News | 14 April 2016

Life experiences leave lasting impressions for UCSC Provost Alice Yang



Alice Yang, seen at UC Santa Cruz on Friday, is the provost for Stevenson College, associate professor of history, and an advocate for social justice. (Kevin Johnson — Santa Cruz Sentinel)

By Andrew Lachman,

For UC Santa Cruz Stevenson College provost and associate professor of history, Alice Yang, the price of liberty is eternal vigilance combined with social activism and scholarship that illuminates the nation’s triumphs as well as tragic missteps.

“Government must be held accountable for its actions and reminded that the foundation of the country is the protection of everyone’s civil liberties,” Yang, 51, said. “During times of turmoil and threats to national security it is especially critical to guard against hysteria that leads to bigotry and to the demonizing and mistreatment of ethnic minorities.”

Yang personally knows the consequences of fear and oppression. Her family fled North Korea and immigrated to South Korea — and later the U.S. — after the Korean War seeking freedom and economic opportunity.

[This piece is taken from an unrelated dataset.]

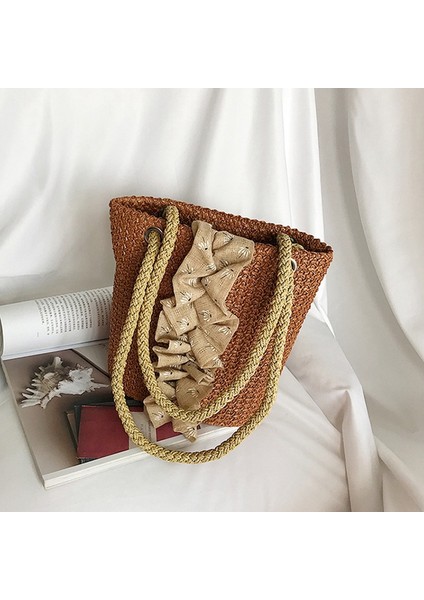 Baskılı Desen Hasır Dokuma Kadın Çantası Bohem Omuz Günlük Plaj El Çantası Bej (Yurt Dışından) modelleri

During the Japanese occupation of Korea from 1910 to 1945, Yang said many of her relatives were persecuted and killed. Just for speaking her native Korean language in elementary school, Yang said her mother was scolded and slapped by a teacher.

Growing up in Sacramento, Yang’s parents expected her to excel and to cherish the possibilities that their new life offered. Their advice: “Don’t waste your talent, give your best effort and value the family.”

Yang earned a bachelor’s degree in English and American literature as well as a master’s in teaching social studies from Brown University and a master’s and a doctorate in history from Stanford University.

Initially, Yang intended to study women’s history and the suffrage movement but an exhibit and a forum at the Oakland Museum in which three generations of Japanese-Americans spoke about being uprooted and forced into internment camps during World War II left her stunned. She felt compelled to broaden her focus to include racism and historical incidents of government sanctioned persecution.